In undergoing these steps we fail to completely remove all these toxins which means that we do still consume them, they are getting into our guts and they are causing inflammation and doing accumulated damage over time.  When you stop to consider that cereal grains make up the bulk of the typical western diet, you'll realize that this damage can quickly become rather considerable. 

Phytates lead to phytic acid in the human body. Phytic acid in the digestive system  combines with many vitamins and minerals and blocks their absorption. This leads to vitamin and mineral deficiencies especially in calcium, magnesium, copper and zinc. Now calcium and magnesium deficiency leads loss of bone density, or, osteoporosis. Now I'd like to point out that a lifetime of eating grains is far more responsible for causing osteoporosis than not getting enough calcium. Eating grains negates the amount of calcium we consume in an attempt to ward off bone density loss. Furthermore I'd like to point out that supplementing with mega doses of calcium can lead do deficiencies in magnesium and phosphorous. Which presents itself with the exact same symptoms as calcium deficiency.

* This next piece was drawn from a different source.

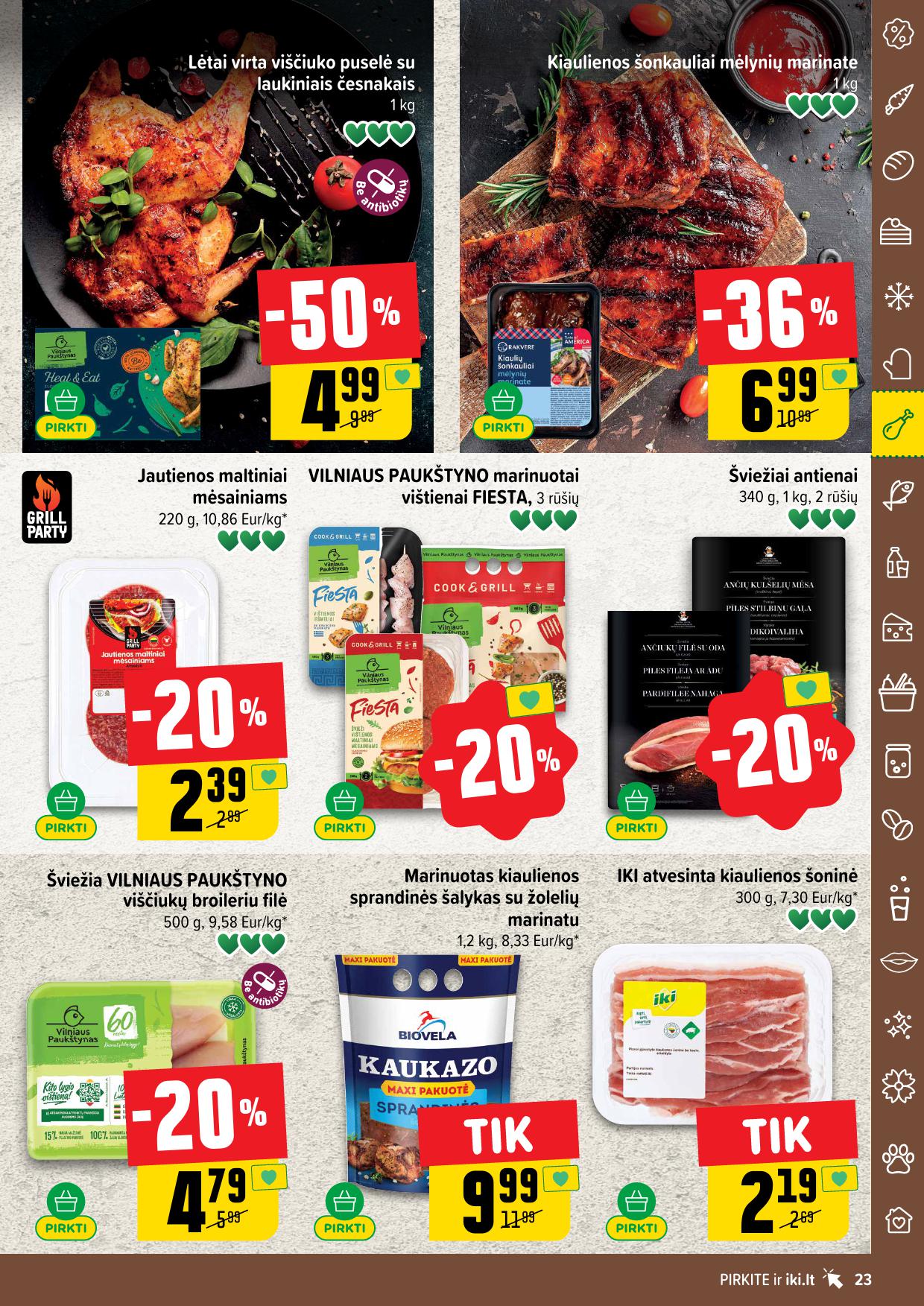 IKI SAVAITĖLĖ akcijų ir nuolaidų leidinys Nr.27 2025.06.30 - 2025.07.06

Whole grains also contain anti-nutrients.  These block digestive enzymes inhibiting the digestion of proteins. Leading to deficiencies and wasting much of the  protein we eat in the hopes of supporting our active lifestyles, also leading to digestive disorders, allergies, inflammation and other illnesses.

Finishing it off with the dangers of sugar.

Simple starches and sugars, besides raising insulin levels, feed the bad bacteria in our guts. This offsets the balance of bacteria in our guts causing us to bee walking around with too much of the bad stuff. This can lead to infection that can largely go undetected until the present themselves with some pretty serious complications.

There you have it.  So when you find yourself in the near future trying to explain the evils of "wholesome whole grains" to your loved ones, and somebody steps up and cries blasphemy, you are now armed with a wealth on information to put them in their granola eating porridge loving place.

Once again folks it has been a pleasure.



  1. This begs the question..."What can we eat?"

    Thank you for putting this information all in one place, it is very useful and informative....It makes me want to run around the block a few times.

  2. Like Aaron said although loving your blog I'm starting to ponder what is better to eat. Right now i'm eating at the mess everyday which is making it hard to follow these rules to even the smallest extent. Maybe some tasty recipes or links to recipes would be a nice addition to your great blog. Kudos by the way!
    Ry (Elliott)

  3. Thanks guys.

    Elliott, I too know what it is like trying to be Caveman at the mess. Remember me at basic always running to the salad bar and filling up with salad and tuna? The best advice I can give is to do the best you can with what you're given. There have been times when I took what I could and then scraped off breading or some other coating to the best of my abilities.

    Just do what you can and even if it's nor perfect, still put the effort in to do your best and you will still see definite improvements.